UW Oshkosh sophomore Haley Murphy said she can see the positive and negative side to Trump’s plan.

“I can understand that there’s got to be some sort of practice if someone is just crossing the border and having a baby right then, that’s not entirely fair,” Murphy said. “But I don’t think that if someone has been in the country for such a long time, they were born here, I don’t think it should be taken away.”

UWO junior Drew Kules said she doesn’t pay attention to politics but said this plan shows that more people, including herself, should pay attention.

“We should be more aware,” Kules said. “I’m kind of sad that I didn’t vote when Trump was there and I regret that now because it’s pretty bad with what’s happened.”

UWO freshman Marko Quinones said the 14th Amendment should be upheld because if someone is born in the United States, they are a citizen.
“If you’re born in the United States you should have citizenship, right?” Quinones said. “It’s personally what I believe.”

Along with Paul Ryan, students also don’t see the plan being executed.

Murphy said the backlash and the steps it would take to carry out the order would be the biggest obstacles.

“There’s so much opposition to it, and [Trump] really can’t control everything,” Murphy said. “There’s a lot to go through to get to that point.”
Kules said she hopes the plan doesn’t get passed, but if it is passed, it would be unfair to people who are from immigrant families.

“That’s not fair to people who work just as hard as we do,” Kules said. “I get all this stuff given to me and they don’t. It’s just not fair.”
Quinones said he doesn’t see birthright citizenship being changed due to the amount of steps it takes to change an amendment.
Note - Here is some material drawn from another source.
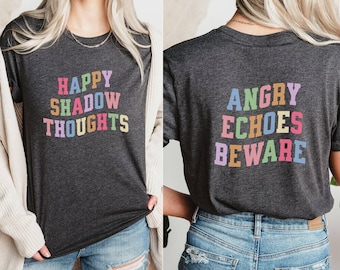 Happy Shadow Thoughts Shirt, Bitrhday Gift For Book Girls, Gift For Book Lovers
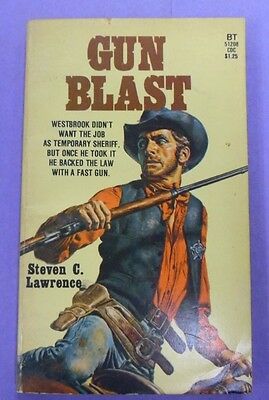 Gun Blast Adult Novel by Steven C. Lawrence 1977 030213lm-epa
“He said he wants to get rid of it, but I don’t really think that he can,” Quinones said. “So I personally don’t think it holds any water.”
Kules said she doesn’t agree with Trump’s stance toward immigrants and that it is cruel and wrong.

“It’s like he doesn’t even care about anybody,” Kules said. “He just sees people as not even a human being. They have lives and children, and they need to support others and get money too, and they can’t.”
Quinones said he can see where Trump is coming from on some points for immigration but he can’t agree with this plan.

“I don’t really want to go too much into it but some things I can and some things, this included, I don’t agree with at all,” Quinones said.
Murphy said Trump is handling the immigration issue in the wrong way and that is why there is so much backlash.

“The way he talks about it is not a good way to do so,” Murphy said. “I think there are some things that he should focus on a little bit more, like the people in the country.”
Overall, people do not agree with this plan and don’t think it will be able to be executed due to the pushback and violations to the 14th Amendment.